Unsubscribes made difficult
- laura
- Best practices
- June 7, 2008
Dennis blogs about his experience trying to unsubscribe from classmates.com list over on deliverability.com. His experience touches on a number of points I have discussed recently.
Dennis initially signed up for a free account at classmates.com around 10 years ago, but has asked to be unsubscribed multiple times. Recently classmates reactivated his subscription again, sending him marketing mail he did not want. Reactivating subscriptions is an extremely bad idea. Not only is it a CAN-SPAM violation to send mail after an unsubscribe has been received, but senders really end up annoying recipients by doing this. Think about it, these are people who have actively told the sender that they do not want mail, and the sender goes out and decides to override the recipients wishes.
I can only imagine how horrible the delivery for this mailing was. ISPs measure how many non-existent addresses senders attempt and mailing a list that has addresses accreted over 10 years is going to have a massive number of dead addresses. Not that many people have the same address now that they did 10 years ago. Some of those dead addresses are probably now being used as spamtraps by the ISPs, another hit to delivery rates. Finally, there are the complaint rates to consider.
For those people who received the mail and want to unsubscribe, Classmates.com does everything possible to discourage that.
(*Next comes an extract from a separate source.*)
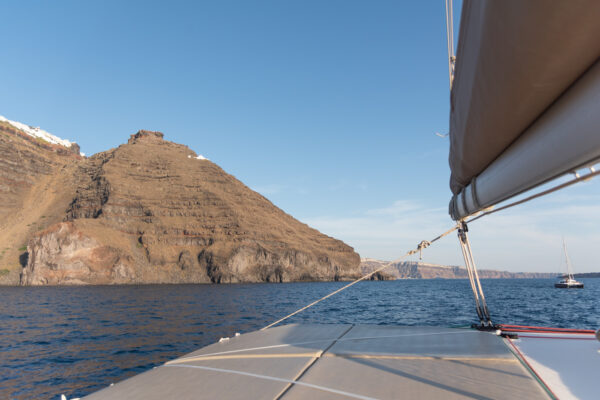 Skaros Rock depuis un bateau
Dennis describes the process he went through.
- I had to login to remove myself (not an email addy or usename, but some 9 digit number I didn’t recall)
- Got the “Verify the email on the website was right” page, click remove
- Got another page that said PLEASE DON’T leave us page with offers, click remove again
- finally presented with a you have been unsubscribed (again) and will take effect in ten (10) days.
Here again, we see Classmates.com with a CAN-SPAM violation. Granted, these are rules from the recent rulemaking, which has yet to take effect but this type of unsubscribe is prohibited in the future. Moving past that, it is clear the the intent of Classmates.com is to heavily discourage people from opting-out. This seems a common theme among marketers, keeping as many people on a list as possible. Given the current ways ISPs make blocking and filtering decisions, focusing on list size is not a good idea. Focus on the relationship, the engagement and creating value for recipients, let folks like classmates.com have the biggest list and the lowest delivery rates.